Il est impossible de jauger l’exaspération de Semmes à l’écoute de « tous ces
gens » qui le harcèlent avec d’excellents arguments pour le dissuader de renoncer
aux pulsions de son ego, et Verlaine aurait pu lui dire : les voix de votre orgueil
sont un cri puissant comme un cor. L’historien Colyer Meriwether note que le
blindage du Kearsarge avait déjà fait l’objet de moult commentaires lorsque
Charles W. Pickering, son premier commandant, bloquait le Sumter dans le port de
Gibraltar. Comme Semmes prétendit ignorer l’existence de cette cuirasse, on
pourrait taquiner la moquerie en supposant qu’il fut le seul à ne pas être au courant !
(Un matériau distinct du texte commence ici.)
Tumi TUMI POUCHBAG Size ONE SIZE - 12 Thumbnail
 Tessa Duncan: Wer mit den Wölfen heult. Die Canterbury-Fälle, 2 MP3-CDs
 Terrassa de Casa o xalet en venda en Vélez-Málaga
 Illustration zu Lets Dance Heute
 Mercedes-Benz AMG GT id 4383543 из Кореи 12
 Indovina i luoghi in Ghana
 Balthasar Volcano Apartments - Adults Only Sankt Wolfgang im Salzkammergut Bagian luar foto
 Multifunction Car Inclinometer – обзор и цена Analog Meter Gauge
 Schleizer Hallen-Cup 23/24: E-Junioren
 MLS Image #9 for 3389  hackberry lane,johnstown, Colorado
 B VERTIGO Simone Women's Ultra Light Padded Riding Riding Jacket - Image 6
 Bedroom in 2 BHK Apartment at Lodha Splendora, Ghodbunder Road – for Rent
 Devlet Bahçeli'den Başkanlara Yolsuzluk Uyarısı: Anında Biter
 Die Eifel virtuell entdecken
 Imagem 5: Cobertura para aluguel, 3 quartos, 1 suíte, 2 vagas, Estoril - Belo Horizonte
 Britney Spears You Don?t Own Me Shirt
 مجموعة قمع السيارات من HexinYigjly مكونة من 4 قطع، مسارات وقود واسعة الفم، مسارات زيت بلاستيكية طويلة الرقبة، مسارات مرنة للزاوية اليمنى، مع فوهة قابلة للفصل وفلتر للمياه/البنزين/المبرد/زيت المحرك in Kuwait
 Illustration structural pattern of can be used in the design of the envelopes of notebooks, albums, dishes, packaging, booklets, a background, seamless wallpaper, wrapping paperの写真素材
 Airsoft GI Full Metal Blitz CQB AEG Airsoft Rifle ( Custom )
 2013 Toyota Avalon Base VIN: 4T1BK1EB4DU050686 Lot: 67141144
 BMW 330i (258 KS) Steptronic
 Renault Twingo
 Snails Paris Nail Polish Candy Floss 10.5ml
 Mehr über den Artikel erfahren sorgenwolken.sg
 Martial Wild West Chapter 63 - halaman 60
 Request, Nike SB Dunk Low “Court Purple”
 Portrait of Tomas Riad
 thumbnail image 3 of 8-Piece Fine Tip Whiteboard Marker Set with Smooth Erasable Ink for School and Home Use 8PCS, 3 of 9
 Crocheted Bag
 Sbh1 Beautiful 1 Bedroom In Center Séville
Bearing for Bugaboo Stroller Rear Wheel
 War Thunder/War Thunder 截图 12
Pour des raisons obvies, Semmes tient absolument à faire la une en termes de
communication dès son arrivée à Cherbourg, il expédie au Times de Londres une
lettre que ce journal publie le 16 juin 1864 et dans laquelle il accuse la Proclamation
de Neutralité du Royaume-Uni de l’avoir contraint à détruire la plupart de ses prises
puisqu’elle ne l’autorise pas à les introduire dans un port neutre. Dans cette lettre,
Semmes ignore sciemment le rôle et l’existence d’un Conseil ou Tribunal des Prises
maritimes qui, au cours d’un conflit et dans chaque nation occidentale, valide ou
sanctionne la capture d’un navire marchand par un corsaire ou un vaisseau de guerre
émargeant à une flotte nationale. L’incapacité de la Confédération à maintenir un
port ouvert dans lequel un Tribunal des Prises est prêt à statuer en permanence sur
la légitimité d’une prise ne pouvait en aucun cas altérer les prescriptions
internationales en la matière. En revanche, tous les steamers et forceurs de blocus
capturés par la flotte américaine furent soumis à l’appréciation d’un tribunal des
prises en conformité avec les normes de la Déclaration de Paris.